Il faut croire que je partage assez intensément votre goût pour les fantasmagories scientifiques, car, toute affaire cessante, j’ai lu Micromégas le soir même de mon arrivée.

Cette monographie (bi-graphie plutôt) m’est apparue du plus haut intérêt, tant par les filiations historiques que par votre impitoyable esprit critique. Ce dernier m’a séduit… à la manière des Vérités qui ne « sont pas toutes bonnes à dire ».

Je m’explique : dire à la fois qu’on aime le genre anticipation et démontrer en même temps que tous les romans de ce genre sont invraisemblables jusqu’à l’absurde par l’un au moins de leurs côtés, c’est risquer de tuer la poule aux œufs d’or. Je veux dire : c’est décourager le romancier. Et alors, où satisferons-nous notre appétit de merveilleux ?

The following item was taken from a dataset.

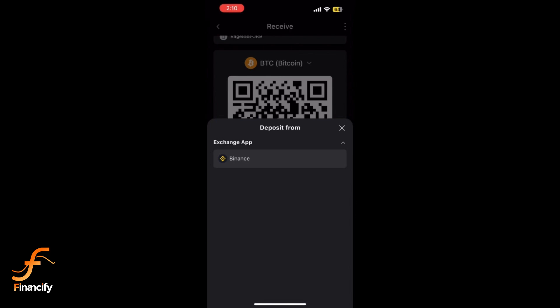Enter the amount you want to transfer. Double check all details and confirm. Transfers can take anywhere from a few seconds to several minutes depending on network speed. Once confirmed, you will see the funds added to your SafePal balance under that asset.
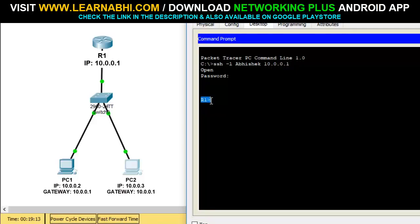So that's how easily you can configure SSH in a router. Hope you enjoyed watching this video — please like, share, and leave your valuable feedback in the comment section below. If you want to note all the important commands, visit my website www.learnabhi.com or my Android application Networking Plus. All important links are in the description below. If you're new to this channel, click here to subscribe for more videos. Thanks for watching.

Car il est bien évident que toute construction de ce genre comporte des lacunes, de l’arbitraire, de la contradiction interne… Je ne m’en aperçois que trop, moi qui raconte un soir de l’humanité si lointain que je suis obligé de presque tout reconstruire. Il faudrait être Démiurge, pour que cette construction ait la logique du monde existant !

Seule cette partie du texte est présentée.